Each batch yields about 6 small bottles of jelly.

Crab Apple Jelly – Nutritional Value (Per tablespoon (15 Ml) shown as % of recommended daily amounts)

  • Vitamin C: .0001
  • Vitamin D: .0001
  • Fibre: .0020
  • Folate: .0010
  • Potassium: .0050
  • Calcium: .0001
  • Magnesium: .0001
  • Cyanide: .0070
  • Sugar: 5000.0000

Enjoy!

UC#1

[2] In Texas, it is permissible to use a bean masher.


9/15/2024, 7:01 PM

The good news is I got a lot of crab apple jelly. The bad news is, I don’t think today’s batch jelled. That means dumping it all back into a pot and boiling it a bunch more. I thought I had the right boiling point, but I guess either I misread the thermometer or there isn’t enough pectin, or something. Dang, that was a lot of work!

Tomorrow or Tue I might try to do another small batch. If it works, I will have enough jelly to last through then next civil war, perhaps even enough to barter. Then I will prune the tree to the point where any normal tree should die. My neighbor assured me that it will not, it is a tough old crab.

UC#1

9/15/2024, 10:36 PM

By the way, UC#1-SU did provide an explanation for the markings on the thermometer. It is a candy thermometer and when you make candy, you take a scoop of the simmering mixture, form it into a ball and drop it in cold water. At a certain temperature it will turn into hard candy and at a lower temperature, soft candy. Thus the “hard ball” and “soft ball” settings.

I feel much better knowing there is some logic to the universe.

UC#1

9/16/2024 6:16 AM

Dear Sir John the Exhausted, Kt,

Thanks for the pictures of the crab apple jelly making, and thanks for including some Twine Images for the archives! Good luck on today’s labors. I look forward to BLOTTing your good works.

Elder G has bestowed upon you the title of “Sir John The Exhausted”. You are now a Knight of the Sticky Table.

(Elder G also has an infinite supply of puns, beginning with: “Sir John might b e tired, but he’s a ‘knight in shining jelly!’ “, and “He’s always ‘preserving’ his legacy, one jar at a time!”)

UC#4

[3] UC#1 stakes on thin ice.

9/16/24 9:00 AM

Thanks for the handsome image, UC#4 and Elder G. I definitely don’t do it justice. This is a sticky business and I risk becoming one of the knights that say “yuck”.

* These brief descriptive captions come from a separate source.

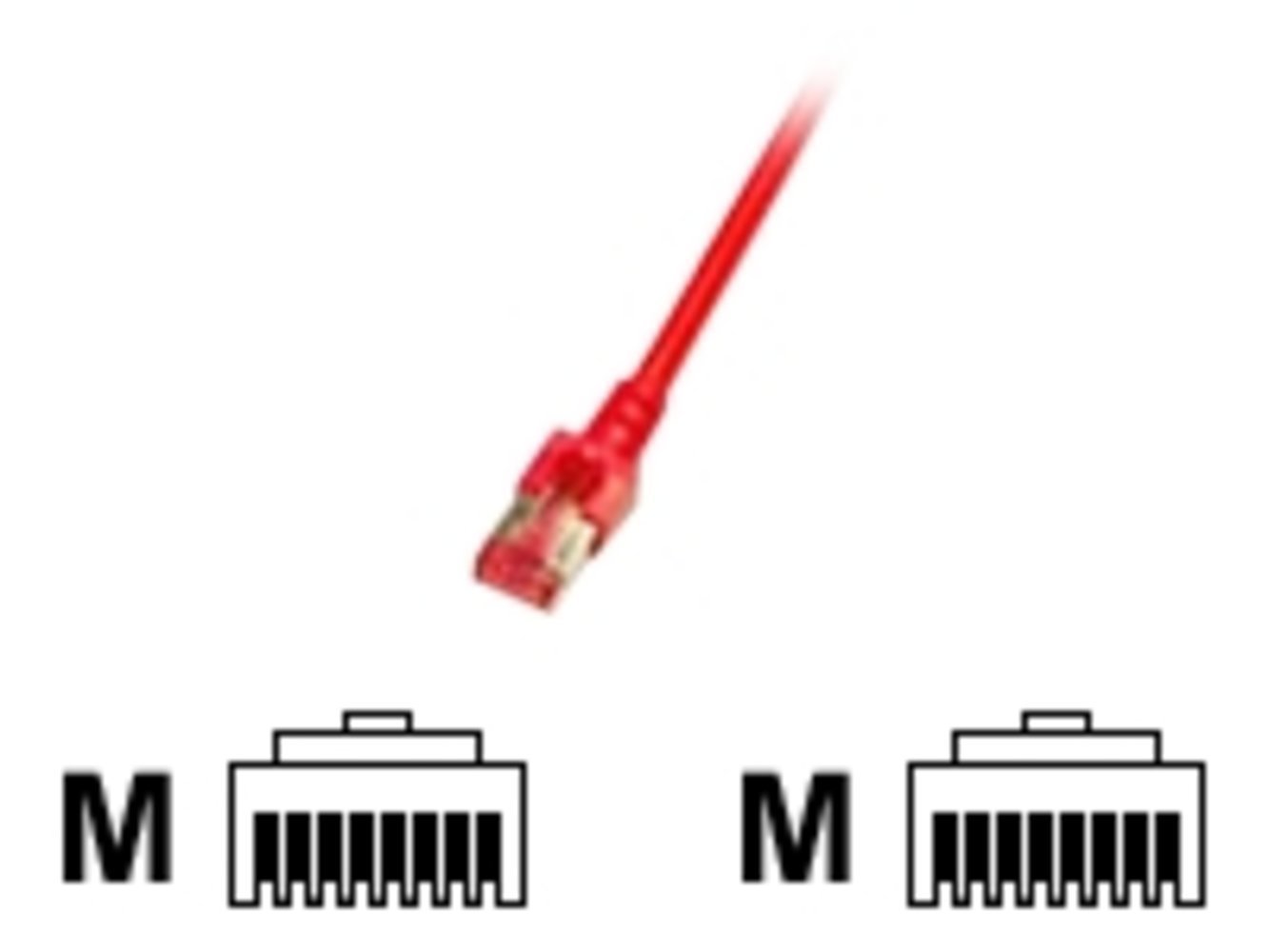 EFB RJ45 Patchkabel S/FTP Cat6 LSZH 2m magenta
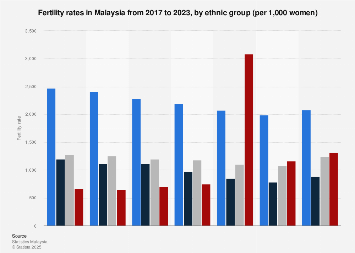 29.08.2021 · afghan women give birth to kids only in air. Malaysia Fertility Rates By Ethnic Group 2019 Statista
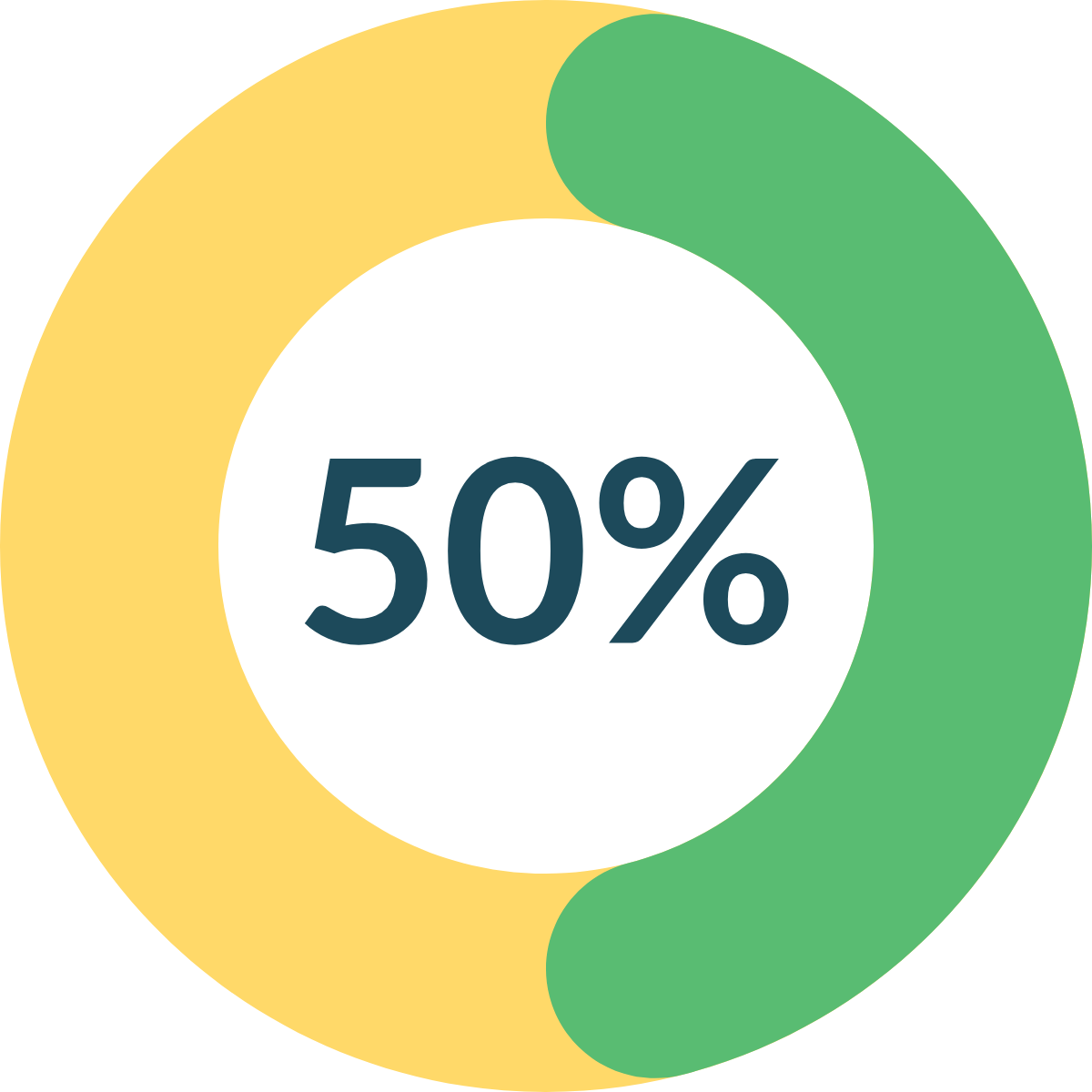 people who search for something nearby on their phone visit a business within 24 hours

Operation crab-apple continues today with the re-boiling of batch 3 which didn’t set and the start of the crab-apple-sauce phase. After that, on to jelly batch 4.

The plan is to then trim the tree down to near-death, but since it is, according to my neighbor, an “aggressive crab” (sounds like someone I used to know), it should survive just about anything, including thermonuclear war.

Elder G‘s puns are so funny I fell over and did a jelly role.